T-Mobile’s move towards an unlimited offer with its Full Monty tariff appears unlikely to spark a new price war, with rival operators choosing to highlight core offers.
The operator launched the tariff last week (1 February) in a bid to further distinguish itself from its sister brand Orange. The unlimited offer met a cool reception from rival operators, with one suggesting T-Mobile was rolling out the tariff to target the spate of customers who took out two-year iPhone contracts in late 2009 or early 2010. However, all three rival networks said they had faith in their existing offers and would not be following T-Mobile’s lead. Vodafone highlighted its Data Test Drive, while Three championed its The One Plan and O2 its Bolt On packages. One operator said: ‘We’re not hugely conscious of the need to react to it.’
The Full Monty tariff is being used by T-Mobile as a means of switching late adopters onto smartphones by removing concerns about exceeding allowances. The lowest entry point tariff is £36 per month for two years, which allows a customer to get a free Samsung Galaxy S II or a 16GB iPhone 4S for a £99 upfront fee.
However, despite the new tariff being backed by a multimillion-pound advertising campaign including television ads, it is not being extended to Orange customers. T-Mobile UK head of propositions Ben Fritsch said: ‘The market is very dynamic and there’s no doubt we have listened to our customers. Between Orange and T-Mobile customers there’s different ways of accessing the markets and listening to what customers need.’
T-Mobile senior proposition manager Regan Whitehead told Mobile the tariff came off the back of consumer research. He said: ‘The research highlighted T-Mobile customers are value seekers so when we were looking at the Full Monty launch, it was right to lean towards those customers. Orange customers are more about innovation and offering new services to customers.’

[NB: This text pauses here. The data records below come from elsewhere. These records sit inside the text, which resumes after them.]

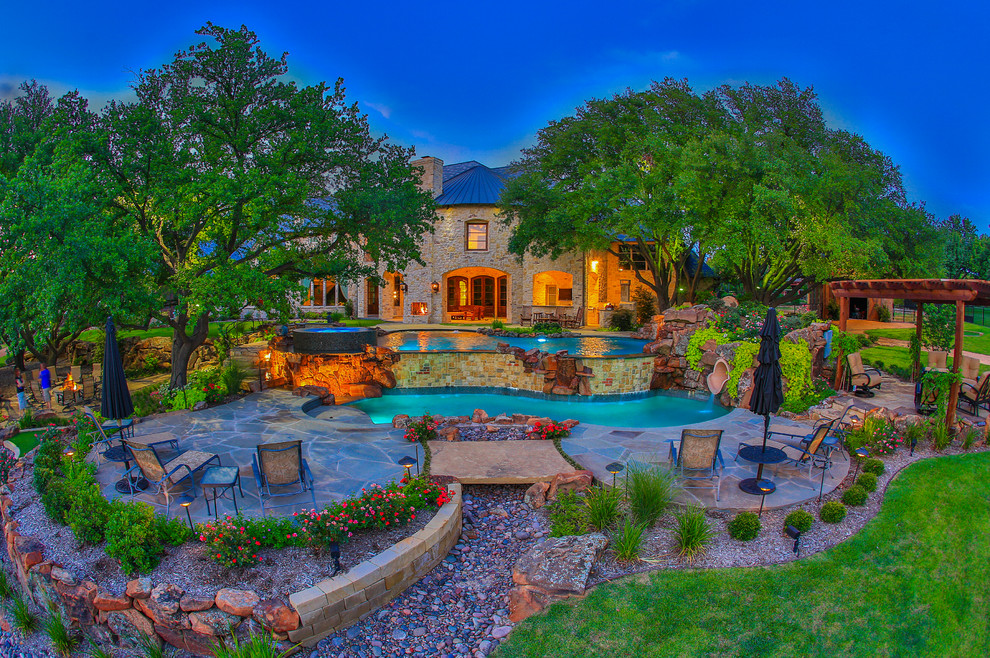 Inspiration for a huge timeless backyard stone and custom-shaped pool remodel in Dallas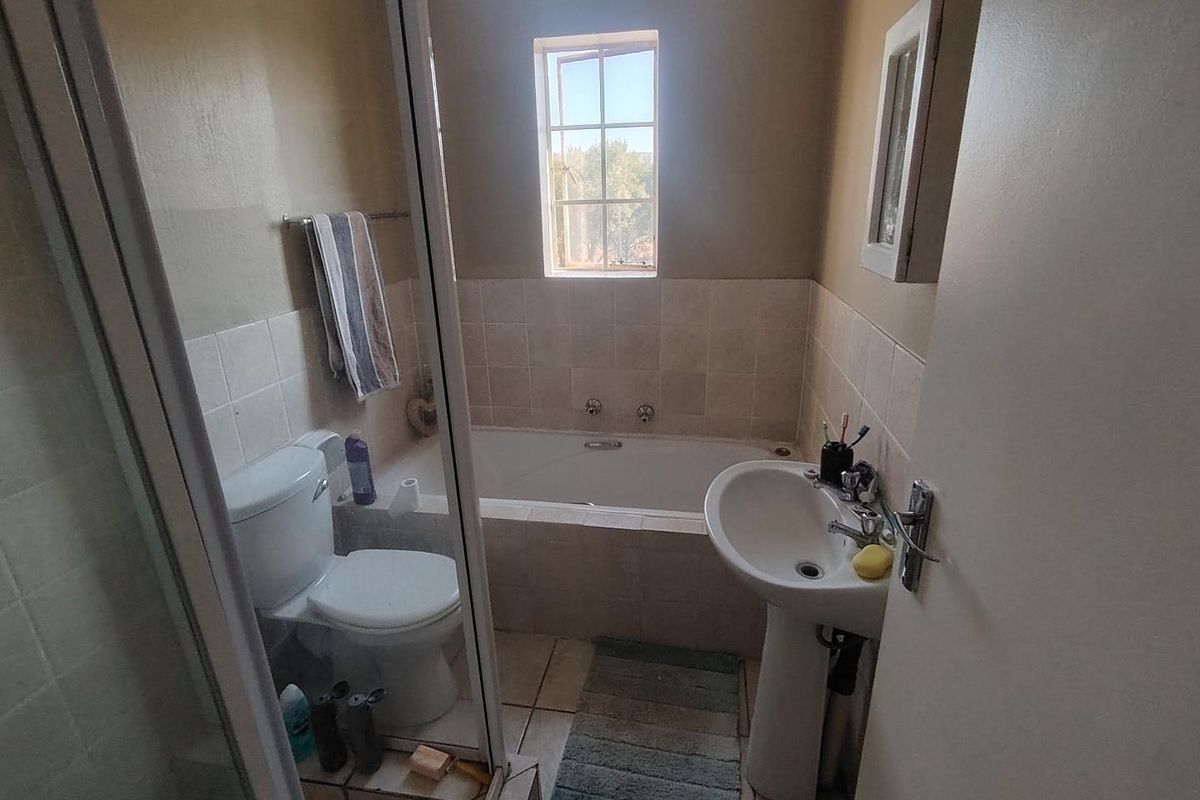 A functional bathroom featuring a built-in bathtub, pedestal basin, toilet, and a separate shower enclosure with tiled finishes.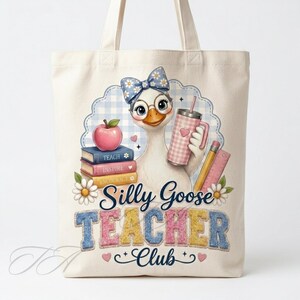 Peut inclure: Un sac fourre-tout en toile couleur crème orné d'une oie portant un nœud bleu à motifs de marguerites et des lunettes. L'oie tient un gobelet rose à carreaux près d'une pile de livres marqués Teach, Inspire, Encourage, un crayon et une règle.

Fritsch said the consumer research looked into the obstacles that were preventing customers from buying smartphones. ‘There’s been a fair amount of consumer research into smartphones that understands where the market is. But the key point for us was not understanding who has a smartphone, but thinking about those who don’t and what is stopping them from doing so.’
An Everything Everywhere spokesman said the Full Monty offer was not being extended to Orange customers because the business wanted to keep the brands separate. He said: ‘It’s very much in keeping with what T-Mobile customers like, which is straightforward value. Orange offers more for more. Its proposition is slightly richer and offers the likes of apps to try for free, whereas T-Mobile is more what you see is what you get.’